_Brief_
Skip the images. Copy the records exactly as written.

Records from a data collection

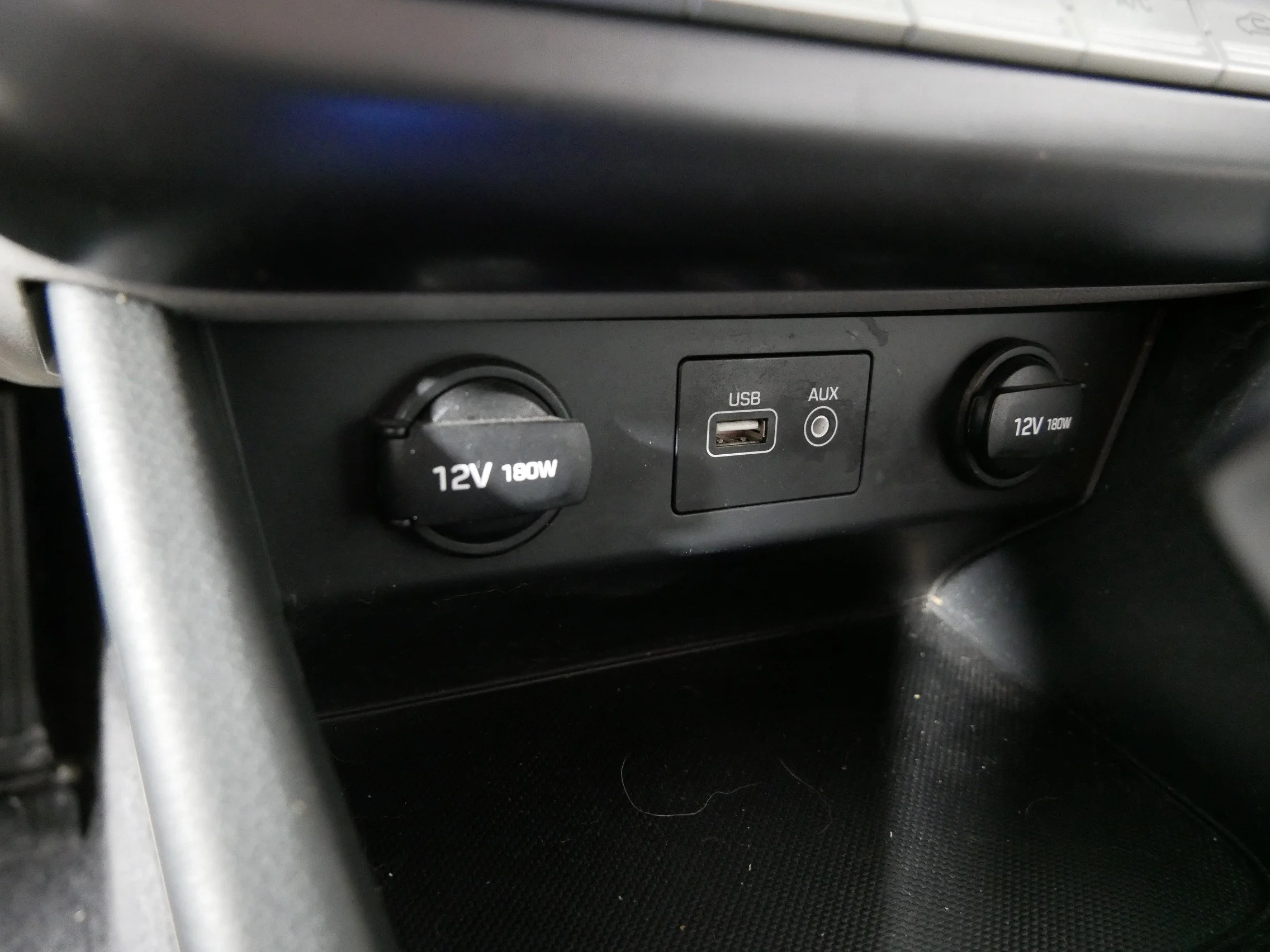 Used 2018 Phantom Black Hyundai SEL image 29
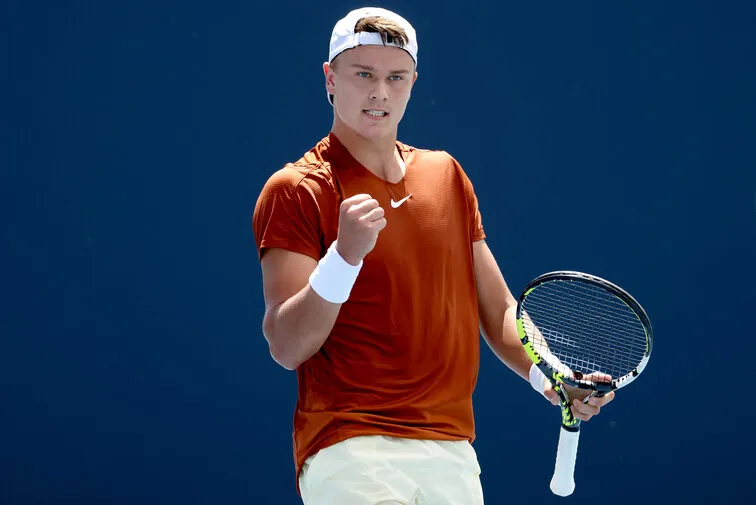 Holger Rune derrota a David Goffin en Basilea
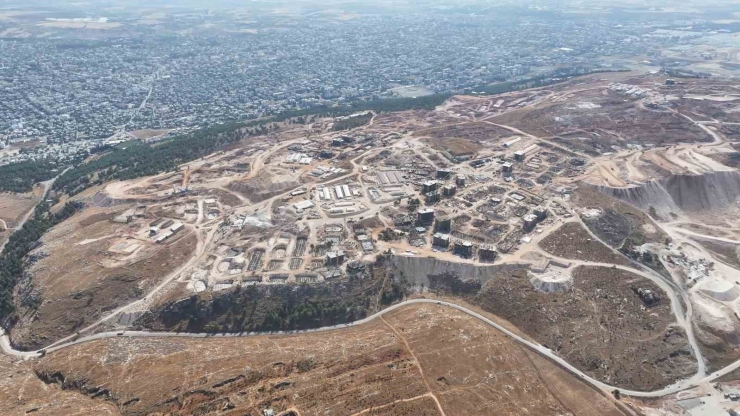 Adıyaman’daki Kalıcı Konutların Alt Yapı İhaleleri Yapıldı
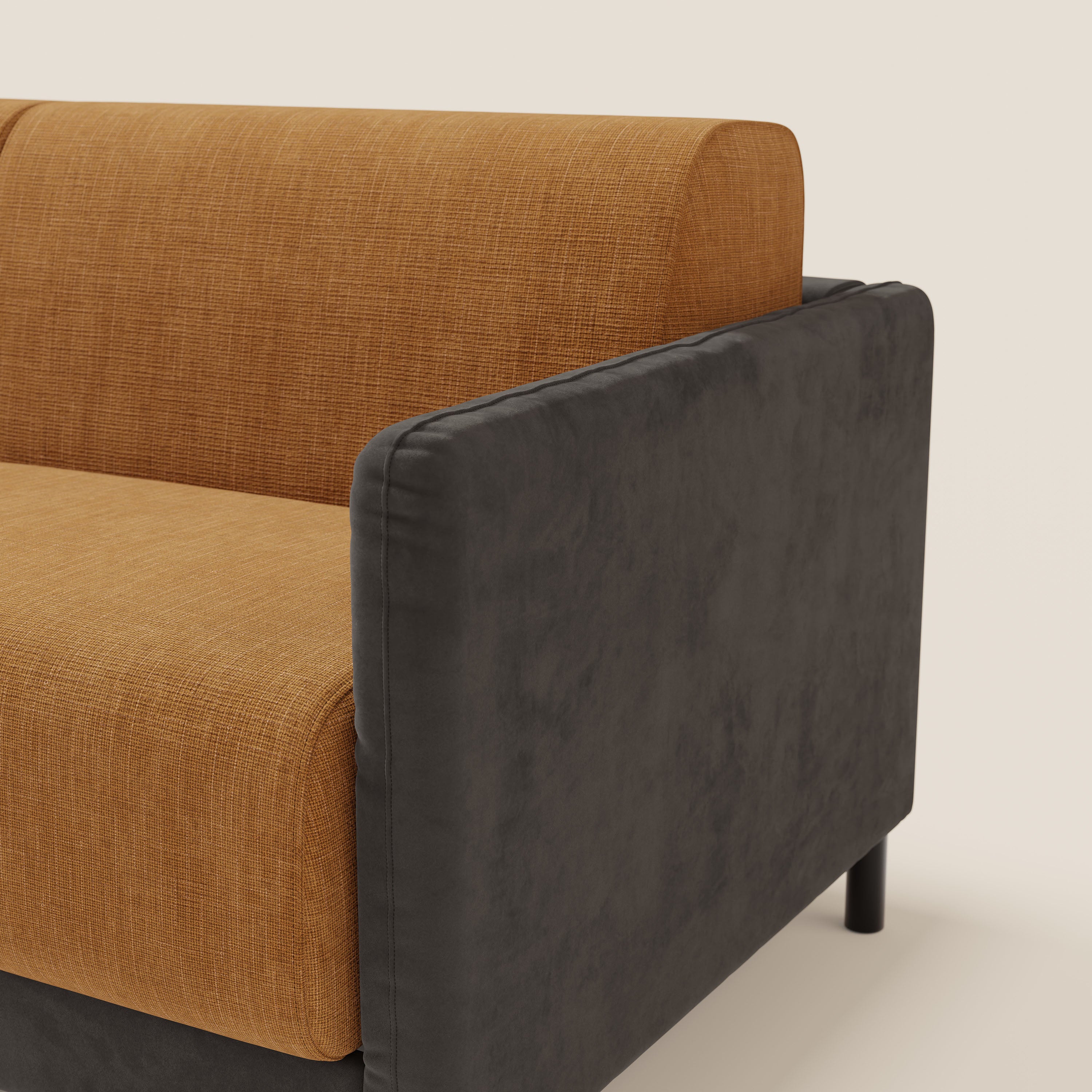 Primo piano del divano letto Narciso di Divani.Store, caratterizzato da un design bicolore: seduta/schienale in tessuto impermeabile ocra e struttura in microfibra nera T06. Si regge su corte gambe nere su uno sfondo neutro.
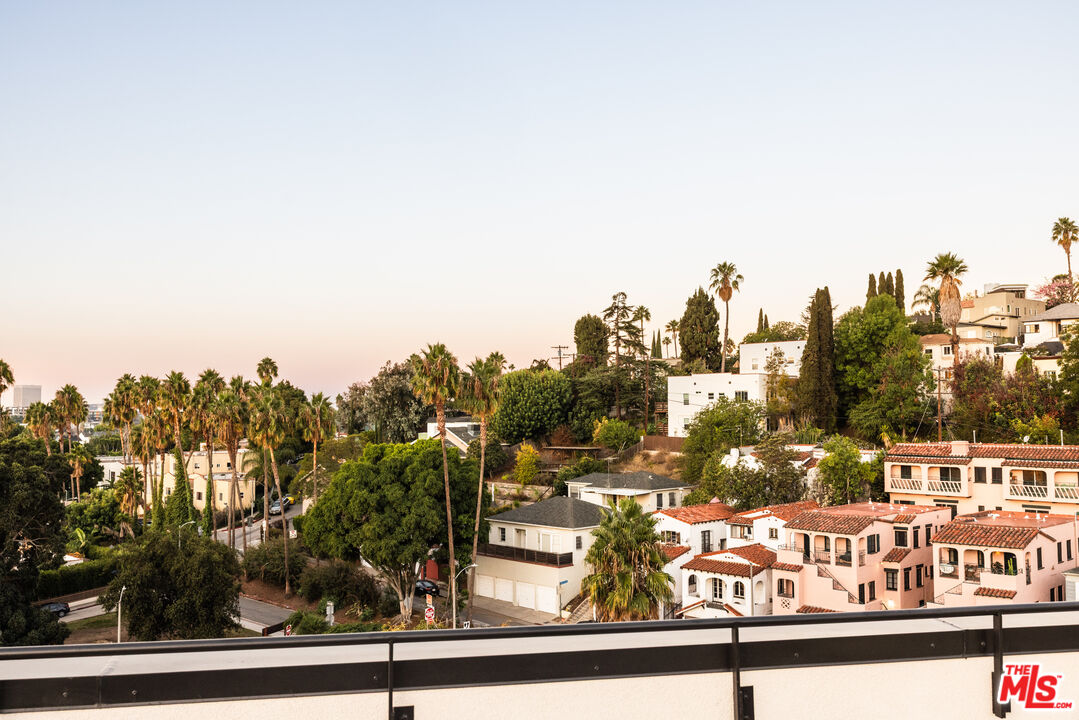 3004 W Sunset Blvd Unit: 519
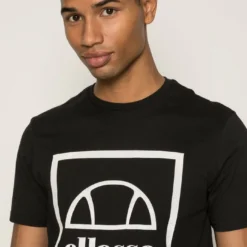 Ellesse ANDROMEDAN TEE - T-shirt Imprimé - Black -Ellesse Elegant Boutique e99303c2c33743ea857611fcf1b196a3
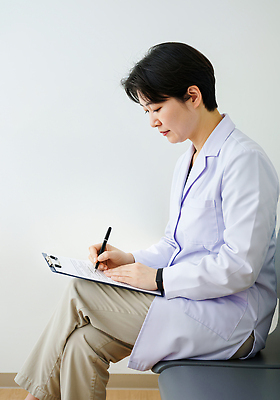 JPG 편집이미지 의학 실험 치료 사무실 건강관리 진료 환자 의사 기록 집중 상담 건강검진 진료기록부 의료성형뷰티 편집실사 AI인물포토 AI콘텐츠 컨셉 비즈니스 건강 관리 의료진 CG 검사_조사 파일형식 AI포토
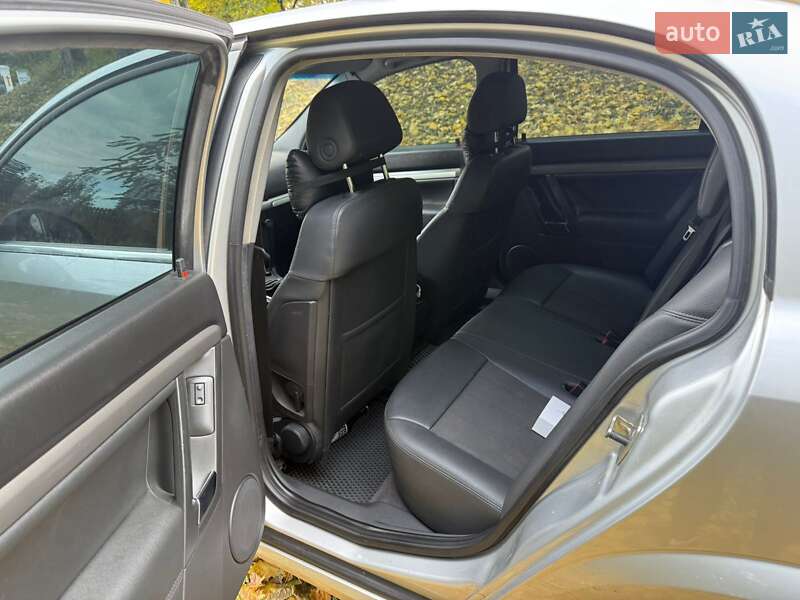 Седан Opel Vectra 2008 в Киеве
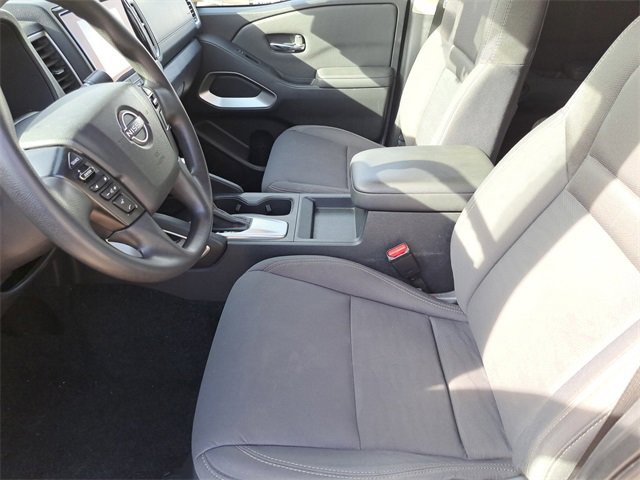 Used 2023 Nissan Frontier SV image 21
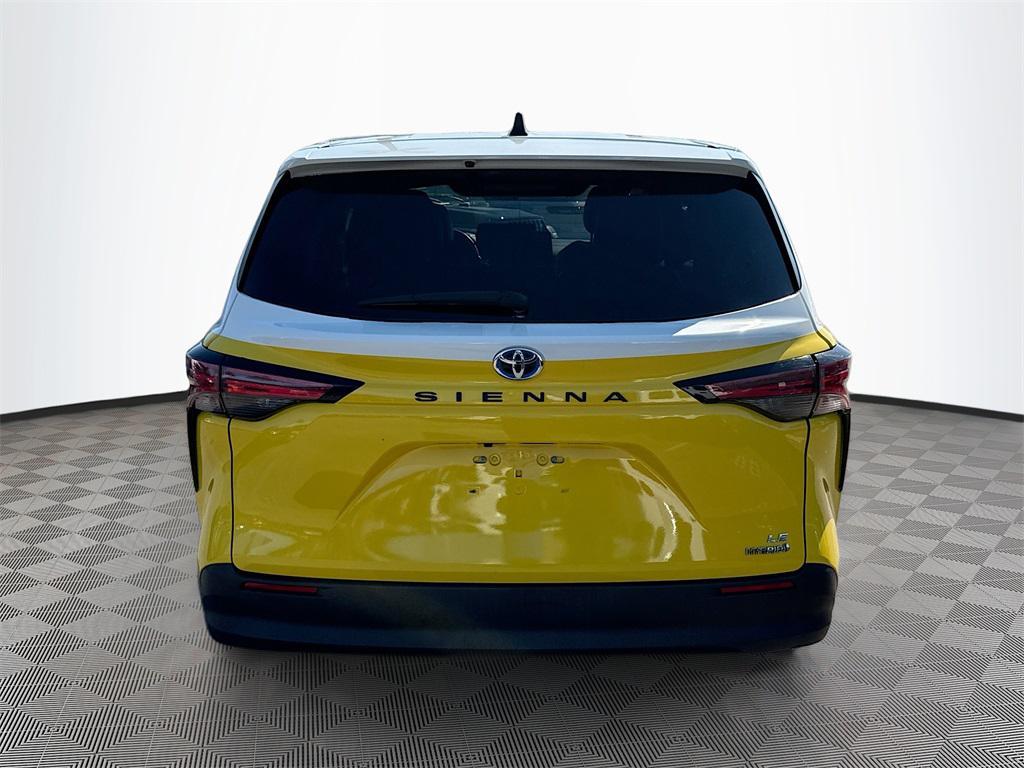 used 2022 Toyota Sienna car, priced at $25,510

_Result of this exercise_
 Used 2018 Phantom Black Hyundai SEL image 29
 Holger Rune derrota a David Goffin en Basilea
 Adıyaman’daki Kalıcı Konutların Alt Yapı İhaleleri Yapıldı
 Primo piano del divano letto Narciso di Divani.Store, caratterizzato da un design bicolore: seduta/schienale in tessuto impermeabile ocra e struttura in microfibra nera T06. Si regge su corte gambe nere su uno sfondo neutro.
 3004 W Sunset Blvd Unit: 519
 Ellesse ANDROMEDAN TEE - T-shirt Imprimé - Black -Ellesse Elegant Boutique e99303c2c33743ea857611fcf1b196a3
 JPG 편집이미지 의학 실험 치료 사무실 건강관리 진료 환자 의사 기록 집중 상담 건강검진 진료기록부 의료성형뷰티 편집실사 AI인물포토 AI콘텐츠 컨셉 비즈니스 건강 관리 의료진 CG 검사_조사 파일형식 AI포토
 Седан Opel Vectra 2008 в Киеве
 Used 2023 Nissan Frontier SV image 21
 used 2022 Toyota Sienna car, priced at $25,510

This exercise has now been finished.